7. How do you read a CSV file into a PySpark DataFrame?

To read a CSV file in PySpark, we use the read method of the SparkSession object. Here’s how you can do it:

from pyspark.sql import SparkSession

# Create Spark session
spark = SparkSession.builder.appName("ReadCSVExample").getOrCreate()

# Read CSV file
df = spark.read.csv("data.csv", header=True, inferSchema=True)

# Show data
df.show()

Explanation:

  • header=True means the first line of the file contains column names.
  • inferSchema=True tells PySpark to automatically detect the data types (like integer, string, etc.).

8. How do you write a DataFrame to a Parquet file?

Writing a DataFrame to a Parquet file is simple and efficient in PySpark:

df.write.parquet("output_data.parquet")

Explanation:

  • The above command saves your DataFrame in Parquet format.
  • Parquet files are faster to read and take up less storage compared to CSV files.
  • You can also use options like mode("overwrite") to replace existing files.

Example:

df.write.mode("overwrite").parquet("output_data.parquet")

9. What are the common DataFrame transformations?

Transformations are operations that create a new DataFrame from an existing one — without changing the original data.

Some common transformations are:

TransformationDescriptionExample
select()Select specific columnsdf.select("name", "age")
filter() / where()Filter rows based on a conditiondf.filter(df.age > 18)
groupBy()Group data for aggregationdf.groupBy("city").count()
withColumn()Add or modify a columndf.withColumn("age_plus_1", df.age + 1)
drop()Remove a columndf.drop("address")
orderBy()Sort datadf.orderBy("age")

Note: Transformations are lazy, meaning they don’t run immediately — they wait until an action is performed.


10. What are actions in PySpark?

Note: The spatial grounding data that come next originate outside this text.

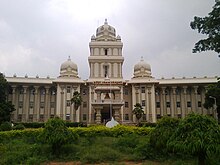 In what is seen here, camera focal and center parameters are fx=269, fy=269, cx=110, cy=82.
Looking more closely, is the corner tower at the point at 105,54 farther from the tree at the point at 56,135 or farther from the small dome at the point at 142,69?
the tree at the point at 56,135

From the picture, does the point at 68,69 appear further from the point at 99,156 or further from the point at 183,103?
the point at 99,156

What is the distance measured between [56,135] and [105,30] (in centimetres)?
3952

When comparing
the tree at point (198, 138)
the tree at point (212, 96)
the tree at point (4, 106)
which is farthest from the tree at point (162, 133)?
the tree at point (4, 106)

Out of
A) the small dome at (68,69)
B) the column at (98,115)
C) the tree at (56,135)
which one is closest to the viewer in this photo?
the tree at (56,135)

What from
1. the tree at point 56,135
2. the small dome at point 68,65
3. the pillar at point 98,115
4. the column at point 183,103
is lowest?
the tree at point 56,135

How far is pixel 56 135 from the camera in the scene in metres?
15.9

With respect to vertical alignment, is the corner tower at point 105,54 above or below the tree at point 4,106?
above

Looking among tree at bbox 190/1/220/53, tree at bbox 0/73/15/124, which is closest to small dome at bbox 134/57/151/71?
tree at bbox 0/73/15/124

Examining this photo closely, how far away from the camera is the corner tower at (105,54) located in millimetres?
49438

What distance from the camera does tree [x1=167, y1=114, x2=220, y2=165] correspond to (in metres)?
11.4

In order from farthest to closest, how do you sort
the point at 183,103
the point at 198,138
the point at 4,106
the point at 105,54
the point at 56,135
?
the point at 105,54 < the point at 183,103 < the point at 4,106 < the point at 56,135 < the point at 198,138

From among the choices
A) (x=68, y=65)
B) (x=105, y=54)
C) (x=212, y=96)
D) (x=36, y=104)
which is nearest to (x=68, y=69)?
(x=68, y=65)

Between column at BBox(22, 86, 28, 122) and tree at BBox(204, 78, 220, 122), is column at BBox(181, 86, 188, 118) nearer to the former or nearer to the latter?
tree at BBox(204, 78, 220, 122)

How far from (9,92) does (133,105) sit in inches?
872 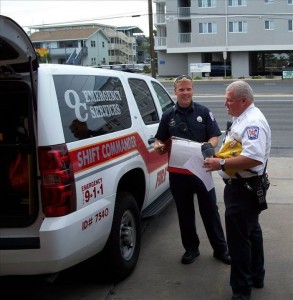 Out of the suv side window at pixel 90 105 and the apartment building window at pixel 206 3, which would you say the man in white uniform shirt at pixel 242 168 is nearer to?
the suv side window at pixel 90 105

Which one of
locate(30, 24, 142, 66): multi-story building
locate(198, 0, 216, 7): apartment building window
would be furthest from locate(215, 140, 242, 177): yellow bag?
locate(30, 24, 142, 66): multi-story building

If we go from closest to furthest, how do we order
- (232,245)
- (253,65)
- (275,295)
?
(232,245) → (275,295) → (253,65)

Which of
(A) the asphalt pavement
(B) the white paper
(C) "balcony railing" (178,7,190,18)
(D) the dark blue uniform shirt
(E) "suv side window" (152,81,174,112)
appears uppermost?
(C) "balcony railing" (178,7,190,18)

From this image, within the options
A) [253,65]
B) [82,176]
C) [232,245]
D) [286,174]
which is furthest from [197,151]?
[253,65]

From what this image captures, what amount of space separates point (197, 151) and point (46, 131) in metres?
1.50

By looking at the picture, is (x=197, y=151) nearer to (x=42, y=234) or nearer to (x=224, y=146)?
(x=224, y=146)

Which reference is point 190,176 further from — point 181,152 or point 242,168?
point 242,168

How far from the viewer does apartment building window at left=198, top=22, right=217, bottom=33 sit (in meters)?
52.7

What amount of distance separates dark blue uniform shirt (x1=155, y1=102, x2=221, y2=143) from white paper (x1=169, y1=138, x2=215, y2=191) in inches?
3.5

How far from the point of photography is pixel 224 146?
11.2ft

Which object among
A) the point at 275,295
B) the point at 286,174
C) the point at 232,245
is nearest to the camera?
the point at 232,245

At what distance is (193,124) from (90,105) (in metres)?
1.02

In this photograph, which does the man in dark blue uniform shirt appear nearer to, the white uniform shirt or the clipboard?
the clipboard

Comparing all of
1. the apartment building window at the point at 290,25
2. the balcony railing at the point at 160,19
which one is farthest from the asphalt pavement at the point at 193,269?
the balcony railing at the point at 160,19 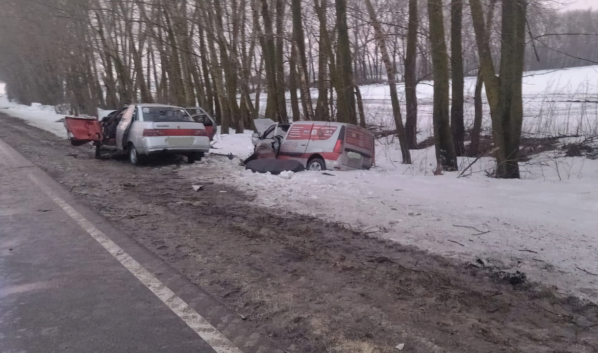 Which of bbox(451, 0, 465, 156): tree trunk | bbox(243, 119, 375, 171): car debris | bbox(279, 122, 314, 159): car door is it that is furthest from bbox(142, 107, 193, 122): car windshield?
bbox(451, 0, 465, 156): tree trunk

Give examples.

Actions are operations that trigger the actual execution of transformations and return a result.

Some common actions are:

ActionDescriptionExample
show()Displays the DataFrame contentdf.show()
collect()Returns all rows as a listdf.collect()
count()Returns the number of rowsdf.count()
first() / head()Returns the first row(s)df.first()
take(n)Returns the first n rowsdf.take(5)
write()Saves data to a file or databasedf.write.csv("output.csv")

In simple words: Transformations prepare the data, while actions actually do the work (like displaying or saving results).

11. How do you show the top N rows of a DataFrame?

To display the top N rows of a PySpark DataFrame, use the show() function and specify the number of rows you want to see.

df.show(5)

Explanation:

  • This command displays the first 5 rows of the DataFrame in a readable table format.
  • If no number is given, PySpark shows 20 rows by default.

12. How do you select specific columns from a DataFrame?

To pick specific columns from a DataFrame, use the select() function.

df_selected = df.select("name", "age")
df_selected.show()

Explanation:

  • This creates a new DataFrame with only the columns “name” and “age”.
  • The original DataFrame stays unchanged since PySpark transformations are immutable.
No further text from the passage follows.